▶ _What needs to be done_
Word for word, repeat all of the entries.

★ ★ ★ ★ ★ ★ ★

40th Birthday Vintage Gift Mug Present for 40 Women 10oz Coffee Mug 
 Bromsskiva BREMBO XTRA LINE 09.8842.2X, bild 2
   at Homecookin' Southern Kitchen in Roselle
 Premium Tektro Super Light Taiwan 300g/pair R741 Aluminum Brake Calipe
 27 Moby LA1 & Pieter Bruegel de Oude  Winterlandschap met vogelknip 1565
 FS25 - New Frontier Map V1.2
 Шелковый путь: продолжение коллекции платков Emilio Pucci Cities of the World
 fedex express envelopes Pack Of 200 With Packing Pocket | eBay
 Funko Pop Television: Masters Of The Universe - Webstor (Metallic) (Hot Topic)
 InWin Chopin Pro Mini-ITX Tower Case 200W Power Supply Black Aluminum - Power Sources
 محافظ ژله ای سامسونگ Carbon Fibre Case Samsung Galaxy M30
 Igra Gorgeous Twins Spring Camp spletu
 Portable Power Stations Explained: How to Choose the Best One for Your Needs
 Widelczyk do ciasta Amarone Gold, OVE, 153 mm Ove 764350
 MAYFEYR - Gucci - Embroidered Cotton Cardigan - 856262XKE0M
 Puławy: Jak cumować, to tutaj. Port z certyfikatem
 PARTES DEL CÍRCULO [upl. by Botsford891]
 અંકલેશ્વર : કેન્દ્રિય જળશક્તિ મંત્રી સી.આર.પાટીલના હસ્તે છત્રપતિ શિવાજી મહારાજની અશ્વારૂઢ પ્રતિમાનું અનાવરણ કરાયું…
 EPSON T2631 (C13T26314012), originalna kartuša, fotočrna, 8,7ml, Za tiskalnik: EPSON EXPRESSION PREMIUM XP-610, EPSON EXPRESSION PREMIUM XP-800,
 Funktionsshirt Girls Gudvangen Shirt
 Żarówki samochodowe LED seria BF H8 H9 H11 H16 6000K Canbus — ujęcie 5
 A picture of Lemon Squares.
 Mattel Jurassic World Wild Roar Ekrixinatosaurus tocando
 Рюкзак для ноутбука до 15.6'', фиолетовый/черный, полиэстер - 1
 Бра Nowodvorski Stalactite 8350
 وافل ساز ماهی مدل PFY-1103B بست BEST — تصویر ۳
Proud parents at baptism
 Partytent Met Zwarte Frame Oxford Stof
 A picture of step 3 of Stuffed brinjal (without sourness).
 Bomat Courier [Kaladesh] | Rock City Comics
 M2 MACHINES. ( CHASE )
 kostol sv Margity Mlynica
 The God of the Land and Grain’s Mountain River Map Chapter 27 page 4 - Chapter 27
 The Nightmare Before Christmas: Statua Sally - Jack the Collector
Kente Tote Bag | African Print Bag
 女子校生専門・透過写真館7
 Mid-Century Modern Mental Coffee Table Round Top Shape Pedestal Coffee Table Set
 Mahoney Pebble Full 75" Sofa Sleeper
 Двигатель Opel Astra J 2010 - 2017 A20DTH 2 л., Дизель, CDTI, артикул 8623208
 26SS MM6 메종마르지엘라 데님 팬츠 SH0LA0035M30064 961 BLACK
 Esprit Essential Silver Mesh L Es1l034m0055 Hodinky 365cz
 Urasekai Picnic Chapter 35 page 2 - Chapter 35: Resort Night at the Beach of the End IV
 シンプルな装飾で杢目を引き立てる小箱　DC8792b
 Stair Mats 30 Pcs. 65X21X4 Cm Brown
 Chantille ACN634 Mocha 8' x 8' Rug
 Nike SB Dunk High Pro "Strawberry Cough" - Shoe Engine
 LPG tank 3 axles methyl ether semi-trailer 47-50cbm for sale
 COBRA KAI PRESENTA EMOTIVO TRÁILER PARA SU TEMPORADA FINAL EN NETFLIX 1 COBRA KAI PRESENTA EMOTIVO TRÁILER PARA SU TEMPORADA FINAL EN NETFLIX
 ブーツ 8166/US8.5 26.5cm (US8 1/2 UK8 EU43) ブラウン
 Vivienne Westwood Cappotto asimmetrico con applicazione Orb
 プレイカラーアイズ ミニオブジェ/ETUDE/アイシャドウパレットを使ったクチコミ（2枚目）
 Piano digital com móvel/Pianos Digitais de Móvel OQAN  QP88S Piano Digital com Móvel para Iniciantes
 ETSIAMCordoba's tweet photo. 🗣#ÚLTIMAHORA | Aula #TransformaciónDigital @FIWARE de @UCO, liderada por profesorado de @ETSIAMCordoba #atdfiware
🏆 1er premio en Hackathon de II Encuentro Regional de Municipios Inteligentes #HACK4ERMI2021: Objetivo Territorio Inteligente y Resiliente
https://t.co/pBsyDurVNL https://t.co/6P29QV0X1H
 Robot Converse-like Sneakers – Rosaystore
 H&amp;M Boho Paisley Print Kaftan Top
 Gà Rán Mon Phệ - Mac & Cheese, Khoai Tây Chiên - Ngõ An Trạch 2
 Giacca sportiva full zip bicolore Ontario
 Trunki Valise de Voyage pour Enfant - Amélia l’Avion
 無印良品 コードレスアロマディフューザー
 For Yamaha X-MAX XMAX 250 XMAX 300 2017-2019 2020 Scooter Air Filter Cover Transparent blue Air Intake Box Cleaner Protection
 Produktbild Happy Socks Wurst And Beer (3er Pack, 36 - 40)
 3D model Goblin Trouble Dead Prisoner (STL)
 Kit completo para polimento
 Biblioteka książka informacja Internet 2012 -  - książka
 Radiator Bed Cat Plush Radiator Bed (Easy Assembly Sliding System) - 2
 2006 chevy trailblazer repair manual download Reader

★ ★ ★ ★ ★ ★ ★

▶ _Response below_
40th Birthday Vintage Gift Mug Present for 40 Women 10oz Coffee Mug 
 Bromsskiva BREMBO XTRA LINE 09.8842.2X, bild 2
   at Homecookin' Southern Kitchen in Roselle
 Premium Tektro Super Light Taiwan 300g/pair R741 Aluminum Brake Calipe
 27 Moby LA1 & Pieter Bruegel de Oude  Winterlandschap met vogelknip 1565
 FS25 - New Frontier Map V1.2
 Шелковый путь: продолжение коллекции платков Emilio Pucci Cities of the World
 fedex express envelopes Pack Of 200 With Packing Pocket | eBay
 Funko Pop Television: Masters Of The Universe - Webstor (Metallic) (Hot Topic)
 InWin Chopin Pro Mini-ITX Tower Case 200W Power Supply Black Aluminum - Power Sources
 محافظ ژله ای سامسونگ Carbon Fibre Case Samsung Galaxy M30
 Igra Gorgeous Twins Spring Camp spletu
 Portable Power Stations Explained: How to Choose the Best One for Your Needs
 Widelczyk do ciasta Amarone Gold, OVE, 153 mm Ove 764350
 MAYFEYR - Gucci - Embroidered Cotton Cardigan - 856262XKE0M
 Puławy: Jak cumować, to tutaj. Port z certyfikatem
 PARTES DEL CÍRCULO [upl. by Botsford891]
 અંકલેશ્વર : કેન્દ્રિય જળશક્તિ મંત્રી સી.આર.પાટીલના હસ્તે છત્રપતિ શિવાજી મહારાજની અશ્વારૂઢ પ્રતિમાનું અનાવરણ કરાયું…
 EPSON T2631 (C13T26314012), originalna kartuša, fotočrna, 8,7ml, Za tiskalnik: EPSON EXPRESSION PREMIUM XP-610, EPSON EXPRESSION PREMIUM XP-800,
 Funktionsshirt Girls Gudvangen Shirt
 Żarówki samochodowe LED seria BF H8 H9 H11 H16 6000K Canbus — ujęcie 5
 A picture of Lemon Squares.
 Mattel Jurassic World Wild Roar Ekrixinatosaurus tocando
 Рюкзак для ноутбука до 15.6'', фиолетовый/черный, полиэстер - 1
 Бра Nowodvorski Stalactite 8350
 وافل ساز ماهی مدل PFY-1103B بست BEST — تصویر ۳
Proud parents at baptism
 Partytent Met Zwarte Frame Oxford Stof
 A picture of step 3 of Stuffed brinjal (without sourness).
 Bomat Courier [Kaladesh] | Rock City Comics
 M2 MACHINES. ( CHASE )
 kostol sv Margity Mlynica
 The God of the Land and Grain’s Mountain River Map Chapter 27 page 4 - Chapter 27
 The Nightmare Before Christmas: Statua Sally - Jack the Collector
Kente Tote Bag | African Print Bag
 女子校生専門・透過写真館7
 Mid-Century Modern Mental Coffee Table Round Top Shape Pedestal Coffee Table Set
 Mahoney Pebble Full 75" Sofa Sleeper
 Двигатель Opel Astra J 2010 - 2017 A20DTH 2 л., Дизель, CDTI, артикул 8623208
 26SS MM6 메종마르지엘라 데님 팬츠 SH0LA0035M30064 961 BLACK
 Esprit Essential Silver Mesh L Es1l034m0055 Hodinky 365cz
 Urasekai Picnic Chapter 35 page 2 - Chapter 35: Resort Night at the Beach of the End IV
 シンプルな装飾で杢目を引き立てる小箱　DC8792b
 Stair Mats 30 Pcs. 65X21X4 Cm Brown
 Chantille ACN634 Mocha 8' x 8' Rug
 Nike SB Dunk High Pro "Strawberry Cough" - Shoe Engine
 LPG tank 3 axles methyl ether semi-trailer 47-50cbm for sale
 COBRA KAI PRESENTA EMOTIVO TRÁILER PARA SU TEMPORADA FINAL EN NETFLIX 1 COBRA KAI PRESENTA EMOTIVO TRÁILER PARA SU TEMPORADA FINAL EN NETFLIX
 ブーツ 8166/US8.5 26.5cm (US8 1/2 UK8 EU43) ブラウン
 Vivienne Westwood Cappotto asimmetrico con applicazione Orb
 プレイカラーアイズ ミニオブジェ/ETUDE/アイシャドウパレットを使ったクチコミ（2枚目）
 Piano digital com móvel/Pianos Digitais de Móvel OQAN  QP88S Piano Digital com Móvel para Iniciantes
 ETSIAMCordoba's tweet photo. 🗣#ÚLTIMAHORA | Aula #TransformaciónDigital @FIWARE de @UCO, liderada por profesorado de @ETSIAMCordoba #atdfiware
🏆 1er premio en Hackathon de II Encuentro Regional de Municipios Inteligentes #HACK4ERMI2021: Objetivo Territorio Inteligente y Resiliente
https://t.co/pBsyDurVNL https://t.co/6P29QV0X1H
 Robot Converse-like Sneakers – Rosaystore
 H&amp;M Boho Paisley Print Kaftan Top
 Gà Rán Mon Phệ - Mac & Cheese, Khoai Tây Chiên - Ngõ An Trạch 2
 Giacca sportiva full zip bicolore Ontario
 Trunki Valise de Voyage pour Enfant - Amélia l’Avion
 無印良品 コードレスアロマディフューザー
 For Yamaha X-MAX XMAX 250 XMAX 300 2017-2019 2020 Scooter Air Filter Cover Transparent blue Air Intake Box Cleaner Protection
 Produktbild Happy Socks Wurst And Beer (3er Pack, 36 - 40)
 3D model Goblin Trouble Dead Prisoner (STL)
 Kit completo para polimento
 Biblioteka książka informacja Internet 2012 -  - książka
 Radiator Bed Cat Plush Radiator Bed (Easy Assembly Sliding System) - 2
 2006 chevy trailblazer repair manual download Reader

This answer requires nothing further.